HOW TO COMPLETE THIS TASK — When you restate the entries that follow, keep every word exactly and drop the pictures.

DATA RECORDS —
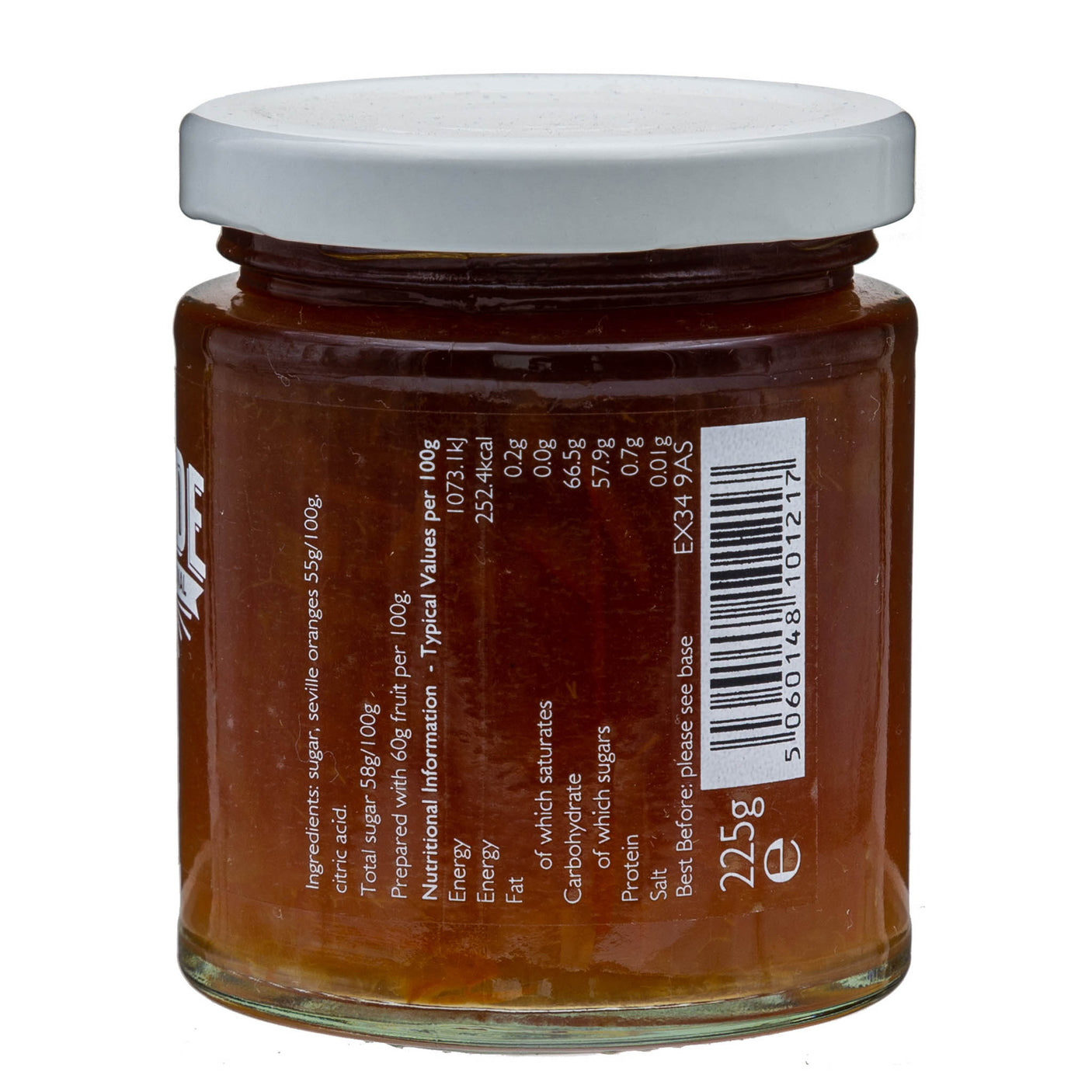 Lobbs Farm Shop, Heligan - The Proper Marmalade Co - Proper Marmalade, Seville Orange 225g - Made in Cornwall
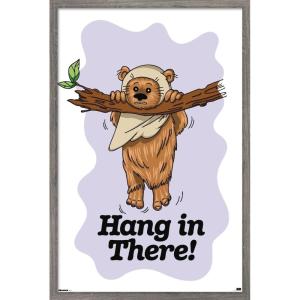 image:imageStar Wars Classic Humor  Ewok Hang In There Wall Poster 34L x 224W Premium Unframed VersionBarnwood Framed Version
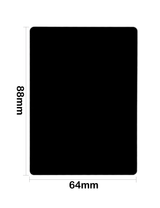 Black Stainless Steel Player Cards | Thick Player Cards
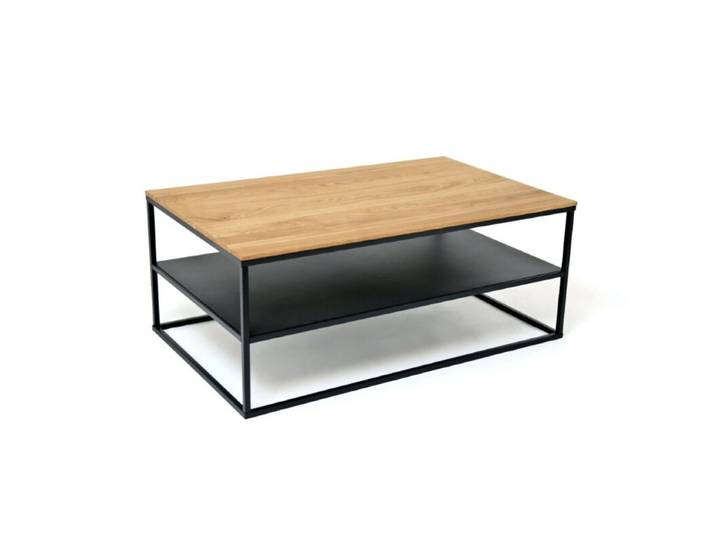 Trendstore Cami Couchtisch aus Metall und Eiche massiv - quadrat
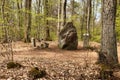 Stones in the Hinkelstein monument in Germany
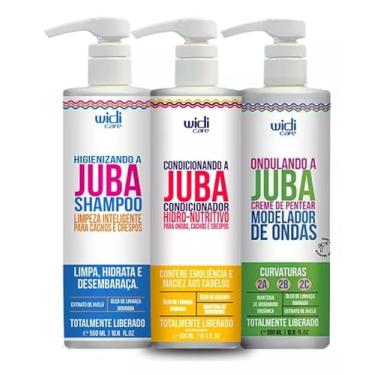 Imagem de Widi Care Kit Juba, Shampoo + Condicionador + Creme Modelador para Cabelos Cacheados e Crespos, 500ml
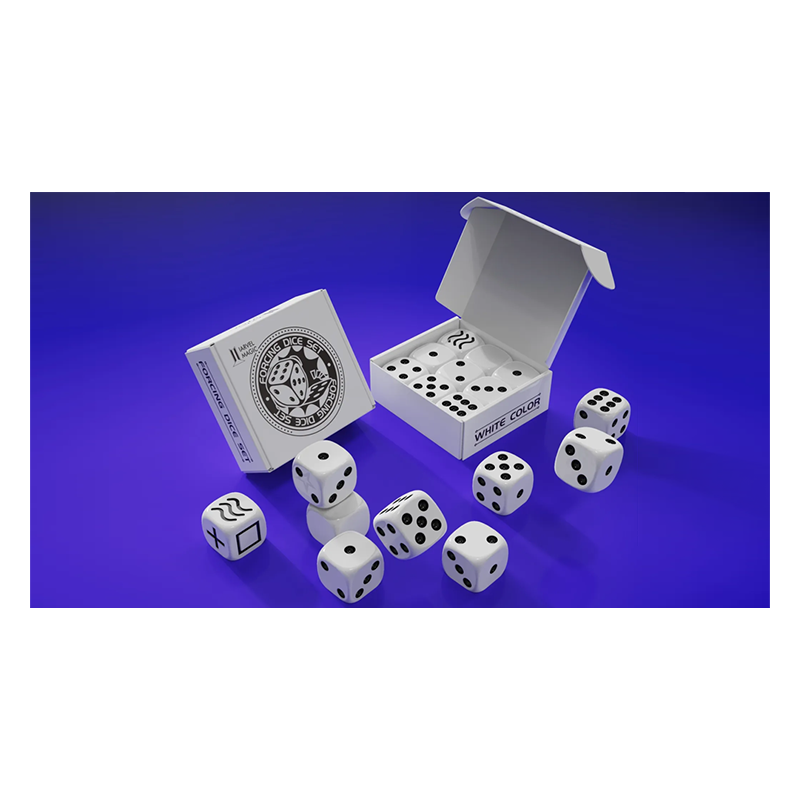 Forcing Dice Set by IARVEL Magic (White) wwww.magiedirecte.com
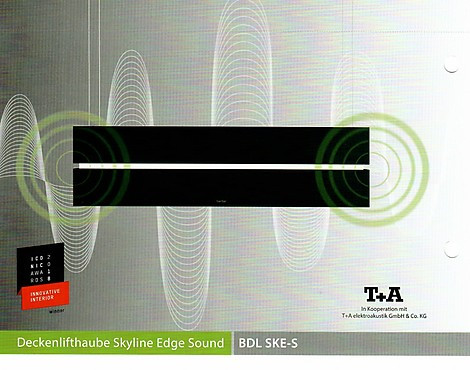 Neu Bestellung - Deckenlifthaube Skyline Edge Sound BDL SKE-S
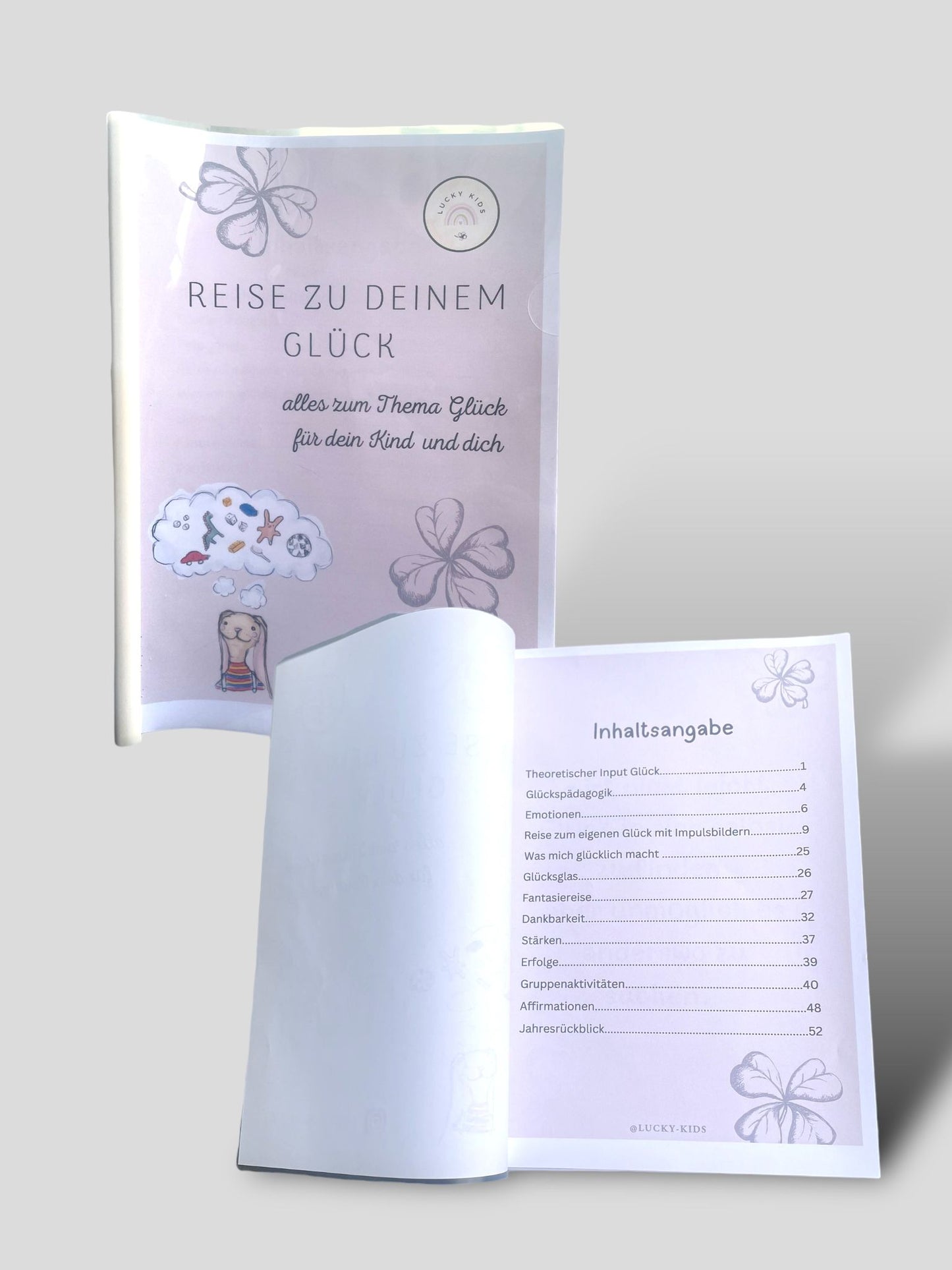 Glücksheft "Reise zu deinem Glück"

RESPONSE TO THIS EXERCISE —
 Lobbs Farm Shop, Heligan - The Proper Marmalade Co - Proper Marmalade, Seville Orange 225g - Made in Cornwall
 image:imageStar Wars Classic Humor  Ewok Hang In There Wall Poster 34L x 224W Premium Unframed VersionBarnwood Framed Version
 Black Stainless Steel Player Cards | Thick Player Cards
 Trendstore Cami Couchtisch aus Metall und Eiche massiv - quadrat
 Stones in the Hinkelstein monument in Germany
 Imagem de Widi Care Kit Juba, Shampoo + Condicionador + Creme Modelador para Cabelos Cacheados e Crespos, 500ml
 Forcing Dice Set by IARVEL Magic (White) wwww.magiedirecte.com
 Neu Bestellung - Deckenlifthaube Skyline Edge Sound BDL SKE-S
 Glücksheft "Reise zu deinem Glück"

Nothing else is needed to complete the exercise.